Hicks sued Carewell after unsuccessfully demanding that it remove the Holiday Inn sign located within the driveway easement. Hicks’ suit sought damages and injunctive relief for civil and criminal trespass resulting from Carewell’s continued maintenance of the sign in its current location, claims Carewell denied.
Instead, Carewell asserted the Holiday Inn sign “in no way impaired or burdened Hicks’s use of the ingress-egress easement.” It then filed a counterclaim seeking declaratory judgment and requesting that the trial court quiet title in its favor as to the scope of Carewell’s rights with respect to the easements.
The Putnam Superior Court granted summary judgment to Carewell on the criminal trespass claim and set the civil trespass claim for trial, which also resulted in a ruling for Carewell. The trial court concluded that Carewell “may continue to use, maintain, replace sign as needed.”
On appeal, Hicks argued the trial court erred in expanding the terms of the ingress-egress easement to include the placement and display of the sign. But the Indiana Court of Appeals affirmed in Hicks & Sons, LLC v. Carewell International, LLC, 20A-PL-1874.
Referring to the case of Wendy’s of Fort Wayne, Inc. v. Fagan, 644 N.E.2d 159 (Ind. Ct. App. 1994), the appellate court first noted that the evidence presented at trial established that Carewell’s Holiday Inn sign served the same purpose as the directional sign in Wendy’s. Absent the sign, Holiday Inn’s suppliers and customers would not know where to turn to access the hotel, the appellate court wrote.

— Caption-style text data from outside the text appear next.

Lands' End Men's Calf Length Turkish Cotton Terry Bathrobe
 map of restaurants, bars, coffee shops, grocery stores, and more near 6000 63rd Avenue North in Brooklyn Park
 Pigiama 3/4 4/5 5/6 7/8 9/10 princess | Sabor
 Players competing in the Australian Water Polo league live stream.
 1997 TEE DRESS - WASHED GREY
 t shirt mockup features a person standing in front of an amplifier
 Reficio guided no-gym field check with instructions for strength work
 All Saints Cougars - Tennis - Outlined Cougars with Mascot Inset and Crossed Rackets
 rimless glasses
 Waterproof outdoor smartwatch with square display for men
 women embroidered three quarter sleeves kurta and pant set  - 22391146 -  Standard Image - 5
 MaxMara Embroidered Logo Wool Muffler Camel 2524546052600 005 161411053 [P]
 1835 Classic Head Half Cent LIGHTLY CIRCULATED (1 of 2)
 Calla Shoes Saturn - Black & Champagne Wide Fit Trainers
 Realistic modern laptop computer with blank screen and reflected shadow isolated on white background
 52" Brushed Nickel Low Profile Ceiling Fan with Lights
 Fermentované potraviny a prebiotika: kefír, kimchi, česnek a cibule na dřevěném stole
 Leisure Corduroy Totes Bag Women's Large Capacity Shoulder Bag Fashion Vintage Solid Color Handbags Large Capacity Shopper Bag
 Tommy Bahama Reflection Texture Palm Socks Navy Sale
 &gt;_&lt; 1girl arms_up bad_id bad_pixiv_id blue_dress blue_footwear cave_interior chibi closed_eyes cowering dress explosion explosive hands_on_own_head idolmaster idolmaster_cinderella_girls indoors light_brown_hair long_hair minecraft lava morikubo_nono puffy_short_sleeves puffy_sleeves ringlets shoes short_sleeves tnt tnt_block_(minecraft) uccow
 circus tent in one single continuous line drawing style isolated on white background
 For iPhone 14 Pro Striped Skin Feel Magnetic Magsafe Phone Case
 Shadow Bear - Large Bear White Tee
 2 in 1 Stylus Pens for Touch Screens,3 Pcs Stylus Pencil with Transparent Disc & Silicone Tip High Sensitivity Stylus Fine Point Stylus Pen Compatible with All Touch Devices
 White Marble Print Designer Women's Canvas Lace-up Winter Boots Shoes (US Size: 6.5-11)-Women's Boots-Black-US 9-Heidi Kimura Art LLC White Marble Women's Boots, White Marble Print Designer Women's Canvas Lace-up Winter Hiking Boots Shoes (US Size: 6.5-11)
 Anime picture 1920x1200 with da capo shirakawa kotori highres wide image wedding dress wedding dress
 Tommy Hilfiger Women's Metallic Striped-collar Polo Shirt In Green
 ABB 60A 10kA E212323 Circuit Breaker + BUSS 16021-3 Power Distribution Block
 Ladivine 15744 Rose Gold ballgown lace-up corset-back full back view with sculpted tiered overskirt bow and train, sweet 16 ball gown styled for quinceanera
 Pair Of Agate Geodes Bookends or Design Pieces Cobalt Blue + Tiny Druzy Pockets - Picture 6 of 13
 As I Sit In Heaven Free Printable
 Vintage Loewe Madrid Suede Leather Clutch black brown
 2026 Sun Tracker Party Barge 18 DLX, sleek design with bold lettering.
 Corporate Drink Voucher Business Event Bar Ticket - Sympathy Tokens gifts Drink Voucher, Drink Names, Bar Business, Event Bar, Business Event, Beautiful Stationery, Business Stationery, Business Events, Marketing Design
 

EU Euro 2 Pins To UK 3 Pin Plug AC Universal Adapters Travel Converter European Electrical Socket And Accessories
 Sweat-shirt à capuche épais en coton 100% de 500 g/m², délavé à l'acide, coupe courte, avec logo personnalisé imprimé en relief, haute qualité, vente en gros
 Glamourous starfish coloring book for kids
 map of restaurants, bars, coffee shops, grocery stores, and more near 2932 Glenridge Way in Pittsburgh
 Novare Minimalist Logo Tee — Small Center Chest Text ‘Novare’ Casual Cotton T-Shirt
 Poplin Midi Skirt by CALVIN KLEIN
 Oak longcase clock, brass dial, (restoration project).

“Finally, while Hicks claims that the trial court’s judgment must be reversed because Holiday Inn’s directional sign is larger than that which was placed on the property in Wendy’s, the evidence showed that the Holiday Inn directional sign assists customers traveling from I-70 to locate the driveway,” Judge Robert Altice wrote for the appellate court.
“Given the distance to the Holiday Inn from I-70, the evidence established that a smaller sign would not serve the same function. Without the sign, the very purpose of the ingress/egress easement would essentially be rendered meaningless. And Hicks presented no evidence that the placement of the sign hindered his use of the easement,” Altice wrote.
Thus, the appellate court concluded that the Holiday Inn sign is necessary to fulfill the purpose of the easement and that Carewell’s continuing use of the sign within the ingress-egress easement is a matter of right and not a trespass.